What Is The Purpose Of The Emoluments Clause? Donald Trump Must Follow This Constitutional Rule
Many of the wild threats and vague policy proposals that Donald Trump floated during his campaign have been speculated to be unconstitutional, but it seems that even without any action on his part, the president-elect could break an important constitutional law on his first day in office. One crucial clause in the founding document, the emoluments clause, could be broken due to the high-profile clientele at Trump's hotels. The purpose of the emoluments clause is to keep foreign money out of American politics, and that could be put to the test on day one of Trump's administration.
The clause, from Article 1 Section 9 of the Constitution, holds that "no person holding any office of profit or trust under [the United States] shall, without the consent of the Congress, accept of any present, emolument, office, or title, of any kind whatever, from any king, prince, or foreign state.” The federal government still takes this pretty seriously, too — there's a whole division of the Department of State in charge of meticulously appraising and cataloguing all gifts received by any federal employee from a foreign source.
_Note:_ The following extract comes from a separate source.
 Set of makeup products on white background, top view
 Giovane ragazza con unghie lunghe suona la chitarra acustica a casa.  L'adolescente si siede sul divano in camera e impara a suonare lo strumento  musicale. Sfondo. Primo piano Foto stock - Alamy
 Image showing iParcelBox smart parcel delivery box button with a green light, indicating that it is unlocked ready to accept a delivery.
Merriam-Webster defines emoluments as "the returns arising from office or employment usually in the form of compensation or perquisites." Under a technical reading of this definition, Trump is in employment of foreign governments when they use government funding to stay at his hotels, which some have now admitted they plan to do in order to win favor with the president-elect.
The idea when this clause was written was to make sure that foreign influence stayed out of American government as much as possible, so that leaders were focused on their people more than anything else. The Founding Fathers had a relatively isolationist foreign policy, and they were working really hard to make sure they established sovereignty in the nation's infancy. Granted, this whole statute seems a little outdated in the context of the globalized economy, as it somewhat conflates foreigners to be untrustworthy and corrupting. What's arguably more troubling in this specific scenario is Trump's massive corporation itself and the influence his business dealings in general may have over his administration. However, the basic principle of accepting money from foreign governments still holds, in that a conflict between business interests and politics could make the president put something other than his constituency first.
The only problem now is whether anything will actually happen to enforce this constitutional clause. A competitor might try to sue, but it's pretty gutsy to sue the President of the United States, even this one. And if there's not enough concentrated public pressure for Trump to divest fully from his business interests, nothing may happen in the end. The unconstitutionality of his actions needs to provoke significant outrage, but there's so much to be outraged about when it comes to Trump, that may just fall to the bottom of the list.